L'écriture de Pascal Quignard combine le discours narratif et le discours théorico-critique, notamment les théories structurales produites dans les domaines anthropologiques et psychanalytiques des Trente Glorieuses. Le structuralisme était alors la référence majeure de la pensée française, et il ne faut pas oublier que Quignard avait 20 ans en 1968 ni que, dans sa formation, il faut compter la lecture des œuvres de Lacan, Foucault, Benveniste : « En 1966 je me souviens d'avoir acheté en même temps à la librairie de la faculté les Écrits de Jacques Lacan, Les Mots et les choses de Michel Foucault, les Problèmes de linguistique générale d'Émile Benveniste. Magnifique année »1. Aussi son œuvre est-elle dominée, pré-occupée, tourmentée même, par des questions dont quelques-unes tournent autour de grands thèmes du structuralisme, comme le langage et la sexualité.

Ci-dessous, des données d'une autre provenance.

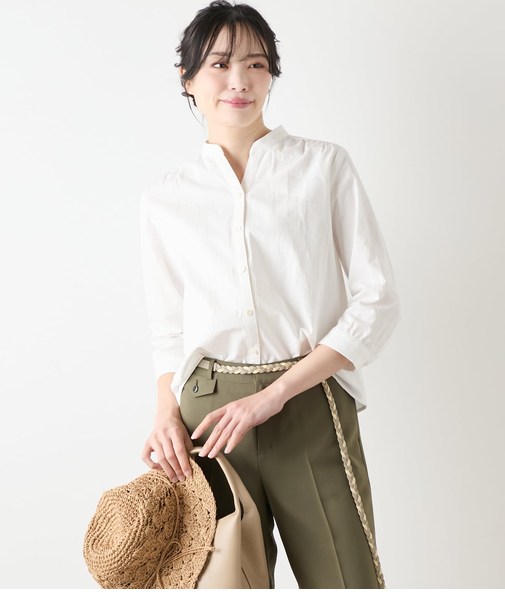 コットンリネンドビーストライプ 7分袖スキッパーブラウス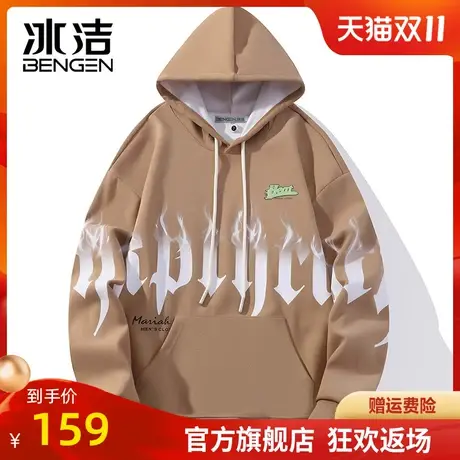 冰洁连帽卫衣2023秋冬季新款男女情侣款时尚火焰字母潮流长袖WEZ商品大图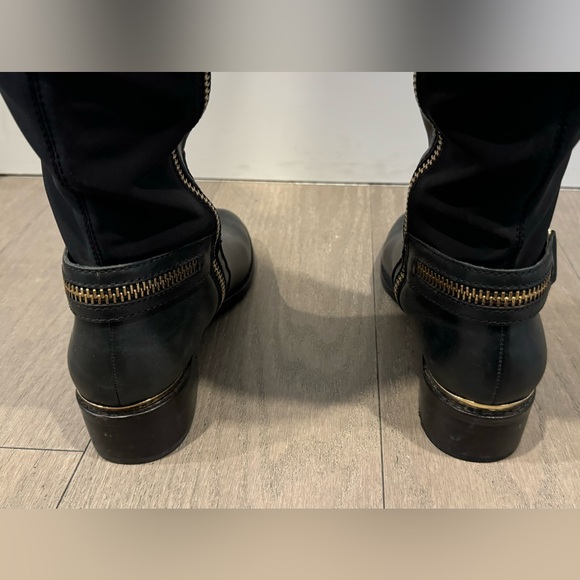 Steve Madden Riding Boot Black with Gold Zippers - Picture 8 of 11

Jean-Louis Pautrot et Chantal Lapeyre-Desmaison ont mis en relief la présence, dans le texte de Quignard, entre autres discours théoriques, de ceux de Lacan et de Lévi-Strauss. En effet, les théories psychanalytique et anthropologique sont les plus mobilisées2, et le texte quignardien peut être étudié comme un champ où des postulats et des concepts du structuralisme sont réécrits, repensés et redéfinis de façon explicite ou implicite, dans le cadre d'une œuvre littéraire dont le projet et la portée sont, cela va sans dire, beau-coup plus vastes et complexes. La question centrale du structuralisme, que l'on retrouve chez Quignard comme question de fond, toujours attachée à sa pensée de l'origine, est celle du rapport entre nature et culture. Dans un entretien, Quignard affirme que la recherche d'un ancrage naturel de la culture et de la littérature est ce qui le rapproche de Lévi-Strauss—« Le structuralisme réintègre l'homme dans la nature », écrit Lévi-Strauss dans le « Finale » de L'Homme nu3—et de la mouvance structuraliste en général.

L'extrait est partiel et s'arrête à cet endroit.